RIAs are confronting a more crowded, competitive market when it comes to winning new clients, as affluent individuals grow more cautious and more wirehouse brokers embrace the RIA model, says Nick Georgis, Schwab Advisor Services's vice president of practice management and business strategy.

RIAs are finding that it is taking longer to close new business prospects and they are closing less business, Georgis said in an interview. Increasing client inertia is one reason why.

"There is more caution on the part of the client and investors are more fearful," Georgis said in an interview at Schwab IMPACT's annual conference in Chicago. "They are interviewing more advisors and finding more people who are taking a holistic approach advice [business]."

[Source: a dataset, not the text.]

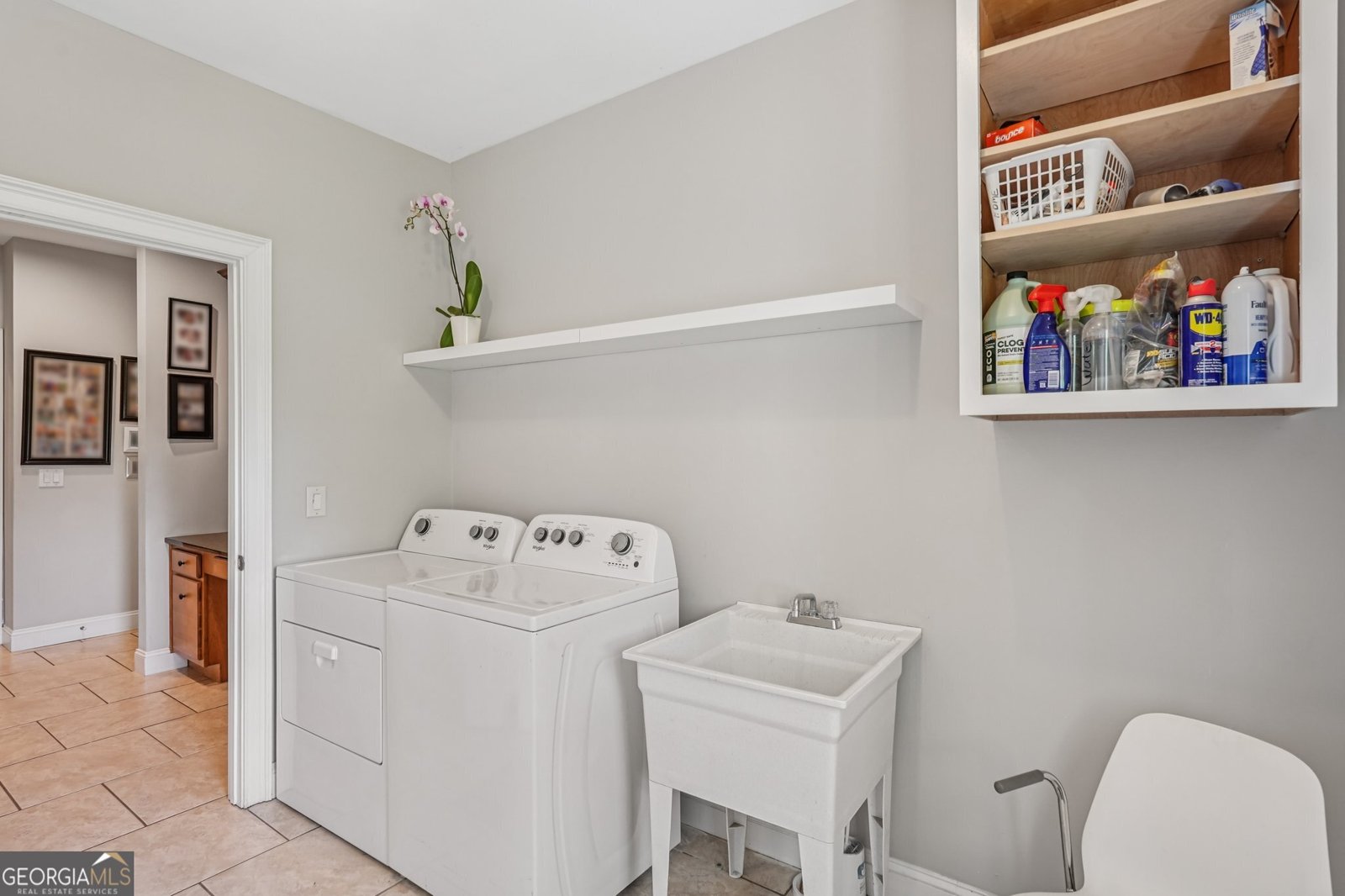 43 J R Road Cartersville - 6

As the exodus of wirehouse brokers to the RIA and independent broker-dealer models continues, RIAs are more likely to find a competitor who looks just like them right down the street. In the next five years, they are going to find themselves competing with even more people who do and look like they do, Georgis believes.

The RIA business is growing assets at an annual rate of about 7% while the wirehouse world is shrinking at a 4% annual rate. Project this out four or five years and the picture of a crowded RIA market emerges.

Schwab now has 18 full-time consultants devoted to assisting RIA firms with practice management and succession issues and another 100 relationship managers who advise in less detail and then refer RIA firms to two-day off-site meeting with the consultants. "Succession isn't just about transferring a business; it's about transforming it," Georgis said.

RIAs may not like being measured by their assets under management (AUM). But for every two firms that reach and easily surpass the $500 million or $1 billion AUM level, there are eight or nine firms that reach those levels and see their business plateau.